Поехать из села в Москву - не просто на это решиться… Но у меня был адрес… И я приехал. Дверь мне приоткрыла старушка. «Где Алексей Яковлевич?» - «В Африке». И дверь предо мной закрылась.

Я переночевал перед институтом и в шароварах шагнул в другую жизнь, в ГИТИС, на отделение оперетты...

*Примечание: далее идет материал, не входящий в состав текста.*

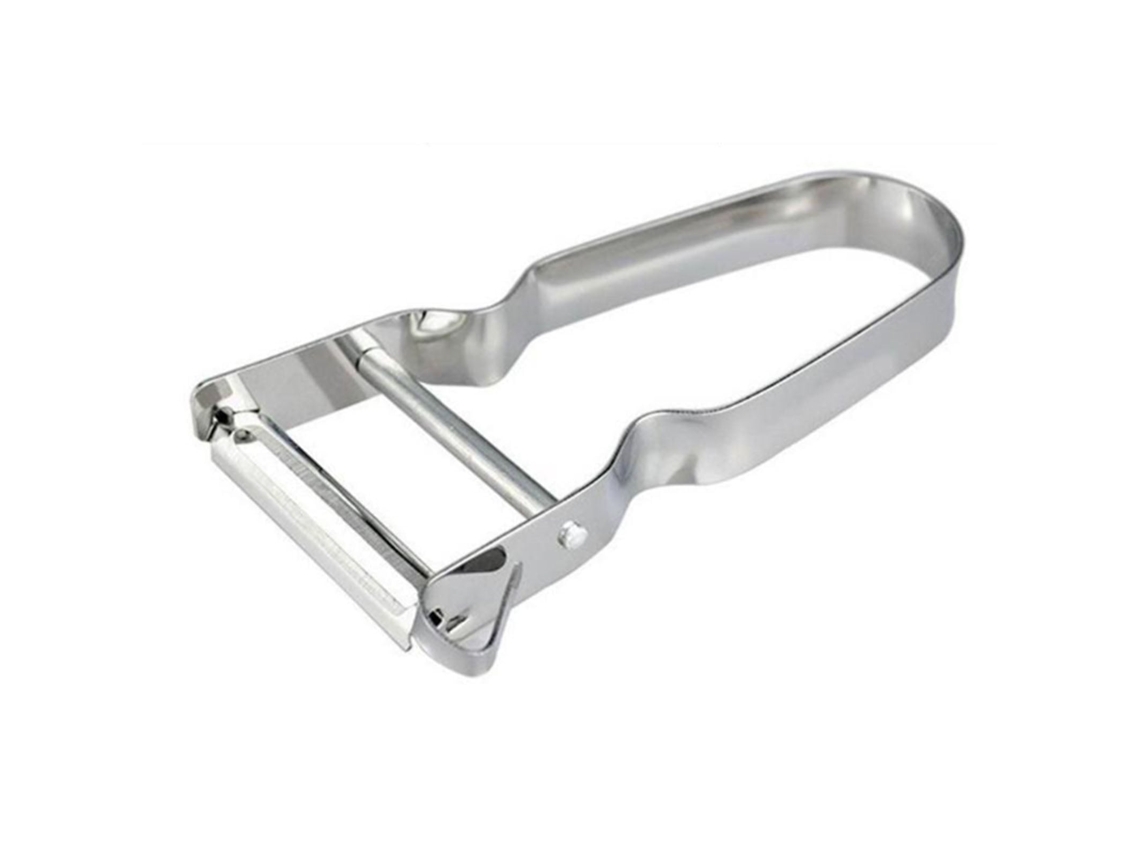 Descascador Inox LAXISCREED U Ergonômico Cozinha Prata
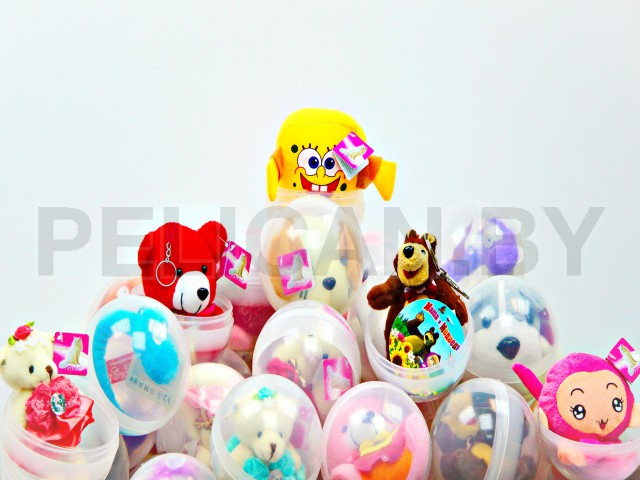 МИКС КАПСУЛ С ИГРУШКАМИ ДЛЯ АТТРАКЦИОНОВ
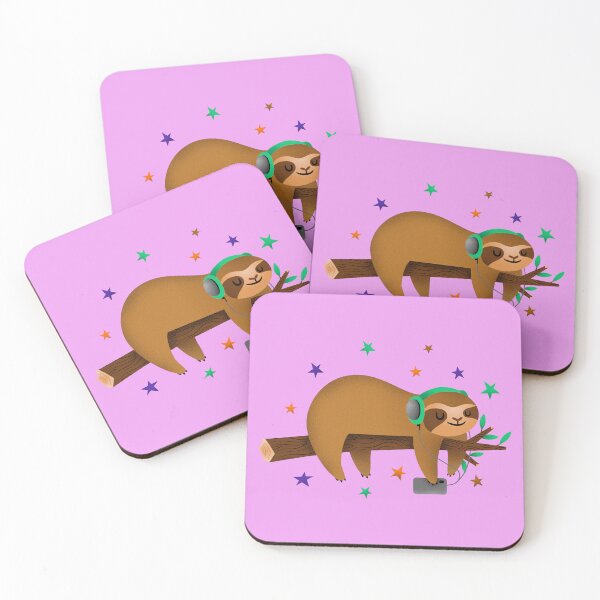 Item preview, Melomaniac Sloth the Music Lover designed and sold by cutieotter.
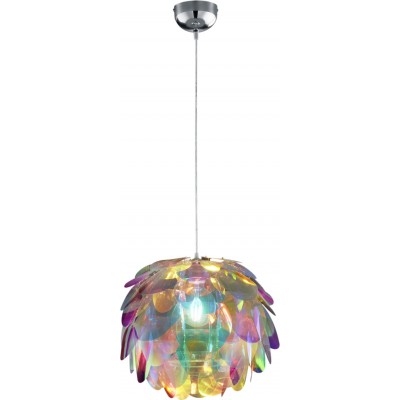 57,95 € Free Shipping | Hanging lamp Reality Clover Ø 40 cm. Living room and bedroom. Modern Style. Metal casting. Plated chrome Color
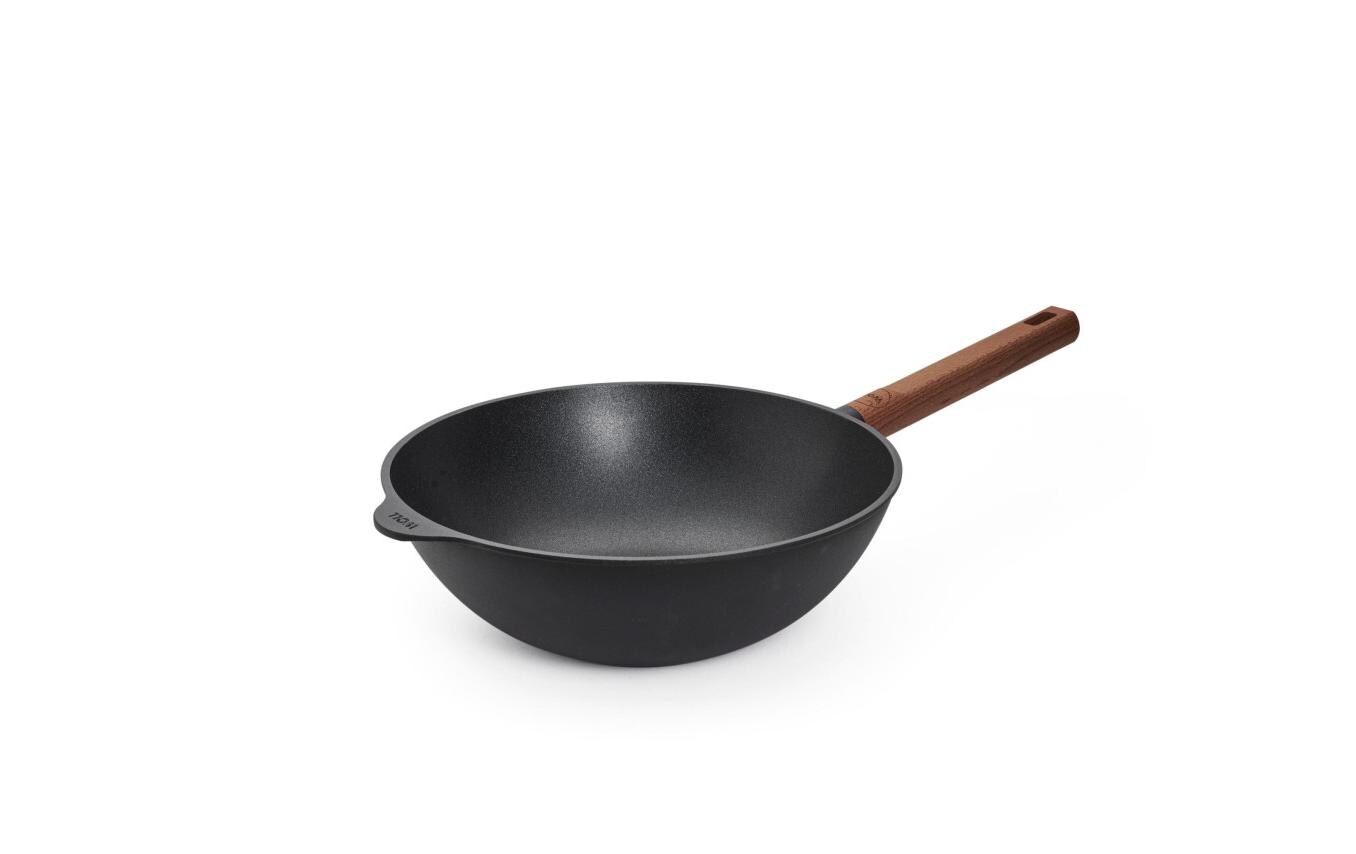 Wok Eco Logic QXR 28 cm, ohne abnehmbarem Griff<br>Guss-Wok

Но история с Полозовым на этом все-таки не закончилась. Как-то мы зарабатывали с Юрием Владимировичем Никулиным в домах отдыха Карельского перешейка; уже я был довольно известен, работал в Театре на Таганке, снялся в «Хозяине тайги», и в один из вечеров рассказал Никулину, что судьба уже второй раз сводит меня с клоуном. «Ты фамилию не помнишь?» - «Полозов» - «Алеша? Я с ним начинал на манеже». Достает Юрий Владимирович записную книжку и дает мне номер телефона. А у меня в это время вышла повесть в «Юности» - «На Исток-речушку, к детству моему». 1973 год. И у меня в ЦДЛ был вечер, как у писателя. Дебют. Конечно, была концертная артистическая программа, но все-таки вечер писателя. В Москве я позвонил Полозову. «Здравствуйте, я тот мальчик с Алтая, которого вы направили в артисты». Он: «Мне Юра уже позвонил. Я вас, конечно, не помню, у меня таких подсадок было много, но я вас знаю». И я его пригласил в ЦДЛ. Это был, повторяю, первый такой мой вечер. После выхода повести в «Юности» был банкет, и Вознесенский мне сказал: «У тебя теперь другая биография начнется. Как у Володи Высоцкого после «Гамлета», когда в нем, в Гамлете-Высоцком, видели прежде всего поэта». Словом, я его пригласил; идет вечер, я заканчиваю программу песенкой Остапа Бендера и вдруг вижу, как по проходу идет высокий человек с огромным букетом гладиолусов. И я его узнаю, и я понимаю, что сейчас получаю букет из рук человека, которому я обязан своей актерской судьбой. Я принимаю букет, у меня - слезы по лицу; я постоял так несколько секунд и говорю залу, что я просто обязан рассказать всю ту историю, которую сейчас рассказал тебе... Потом я зашел в «Юность», и завотделом прозы сказал мне, что это подсадка с клоуном была лучшей частью вечера...


Рука Сары Бернар

- Это просто законченная повесть...

- У нее есть вторая часть. В моем селе Быстрый Исток давным-давно, лет пятнадцать назад, администрация выкупила родительский дом под мой будущий музей. Некоторое время он пустовал, мальчишки с девушками там устраивали ночные посиделки, однажды чуть не сожгли его, и в конце концов – дом разрушался, жалко было - ко мне обратилось общество охотников, и я им этот дом отдал в пользование. Они обещали подвести фундамент, сделать крышу. И вот когда стали долбить земляной потолок – там же землю затаскивают на потолок, земля прессуется и сохраняет тепло; мы в детстве зарывали на чердаке многочисленные свои секреты; за годы земля совершенно затвердела, превратилась в асфальт; итак, когда они долбили ее, то скинули некий предмет – такой дорогой медно-латунный сплав. А напротив жил и живет мой брат по отцу. Они ему предмет принесли – миниатюрную женскую руку. Два года назад брат мне ее передал. А я репетировал в это время Кина в театре имени Чехова у Трушкина. И там такой текст от автора: «Нельзя никому играть Сару Бернар или Михаила Чехова, Эдмуна Кина или Евгения Евстигнеева. Актер, который старается их изобразить, похож на бифштекс, который пыжится на сковородке, пытаясь достичь размеров быка. Великие мастера прошлого ушли вместе с эпохой, и ничто не повторить». Мы репетировали в театре Вахтангова, а рядом антикварный магазин, я показал эту руку там, и антиквар мне сказал, что эта длань была на подставке, это видно, там отверстие в руке, и это рука – Сары Бернар. Тогда, в начале века, были сувениры – руки знаменитых людей.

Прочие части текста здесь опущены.